Segment Open
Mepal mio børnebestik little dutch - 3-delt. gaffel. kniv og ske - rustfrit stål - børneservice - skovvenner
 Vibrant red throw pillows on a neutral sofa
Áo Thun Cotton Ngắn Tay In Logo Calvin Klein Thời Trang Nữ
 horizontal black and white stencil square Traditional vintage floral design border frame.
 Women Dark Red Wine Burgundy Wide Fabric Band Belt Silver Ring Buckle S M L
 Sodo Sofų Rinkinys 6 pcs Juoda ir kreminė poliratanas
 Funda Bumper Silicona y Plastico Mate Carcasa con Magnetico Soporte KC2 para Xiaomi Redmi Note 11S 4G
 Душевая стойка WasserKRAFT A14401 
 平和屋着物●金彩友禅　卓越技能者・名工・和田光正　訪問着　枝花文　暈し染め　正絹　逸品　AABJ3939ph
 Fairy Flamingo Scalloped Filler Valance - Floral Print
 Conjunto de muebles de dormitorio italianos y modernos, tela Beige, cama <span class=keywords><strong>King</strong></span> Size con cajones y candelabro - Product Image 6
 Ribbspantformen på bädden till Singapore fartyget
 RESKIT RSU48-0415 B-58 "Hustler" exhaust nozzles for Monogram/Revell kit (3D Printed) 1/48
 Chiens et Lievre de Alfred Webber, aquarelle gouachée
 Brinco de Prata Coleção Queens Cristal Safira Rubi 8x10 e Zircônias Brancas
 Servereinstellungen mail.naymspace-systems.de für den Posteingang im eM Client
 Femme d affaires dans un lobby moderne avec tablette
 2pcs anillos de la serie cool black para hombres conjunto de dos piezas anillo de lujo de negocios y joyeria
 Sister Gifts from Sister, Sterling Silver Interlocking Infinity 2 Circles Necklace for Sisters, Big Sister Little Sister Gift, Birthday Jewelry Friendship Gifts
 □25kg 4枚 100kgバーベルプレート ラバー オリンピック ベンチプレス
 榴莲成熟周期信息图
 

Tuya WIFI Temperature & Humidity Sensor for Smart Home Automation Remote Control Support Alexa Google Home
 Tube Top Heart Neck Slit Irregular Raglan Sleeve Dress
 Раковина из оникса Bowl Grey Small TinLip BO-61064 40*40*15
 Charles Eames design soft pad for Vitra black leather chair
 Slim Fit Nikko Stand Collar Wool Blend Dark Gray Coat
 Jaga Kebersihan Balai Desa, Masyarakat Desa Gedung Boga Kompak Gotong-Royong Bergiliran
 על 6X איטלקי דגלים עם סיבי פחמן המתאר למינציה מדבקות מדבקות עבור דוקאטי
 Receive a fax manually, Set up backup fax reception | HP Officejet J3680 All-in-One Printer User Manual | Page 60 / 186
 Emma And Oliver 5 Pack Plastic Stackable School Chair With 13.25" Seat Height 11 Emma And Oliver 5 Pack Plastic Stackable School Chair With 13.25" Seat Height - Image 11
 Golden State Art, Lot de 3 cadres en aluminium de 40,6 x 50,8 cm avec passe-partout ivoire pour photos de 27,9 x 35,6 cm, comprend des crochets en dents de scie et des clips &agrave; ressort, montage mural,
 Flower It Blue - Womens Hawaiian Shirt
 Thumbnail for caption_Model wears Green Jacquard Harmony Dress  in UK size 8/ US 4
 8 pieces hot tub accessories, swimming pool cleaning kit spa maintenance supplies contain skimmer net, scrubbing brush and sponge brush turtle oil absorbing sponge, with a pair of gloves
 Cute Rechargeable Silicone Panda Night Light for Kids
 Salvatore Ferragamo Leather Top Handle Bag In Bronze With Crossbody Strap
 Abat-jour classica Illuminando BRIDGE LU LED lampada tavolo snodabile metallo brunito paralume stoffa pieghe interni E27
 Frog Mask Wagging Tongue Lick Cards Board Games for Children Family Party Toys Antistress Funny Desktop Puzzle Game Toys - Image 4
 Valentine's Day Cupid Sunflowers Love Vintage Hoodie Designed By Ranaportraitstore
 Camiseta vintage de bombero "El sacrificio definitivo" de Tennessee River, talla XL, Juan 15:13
Segment Closed
### Exercise directions
In the entries above, find the line holding "Abat-jour classica Illuminando" and the line holding "Frog Mask Wagging"; print both of them and every line between, exactly, and nothing else.

### Task answer
 Abat-jour classica Illuminando BRIDGE LU LED lampada tavolo snodabile metallo brunito paralume stoffa pieghe interni E27
 Frog Mask Wagging Tongue Lick Cards Board Games for Children Family Party Toys Antistress Funny Desktop Puzzle Game Toys - Image 4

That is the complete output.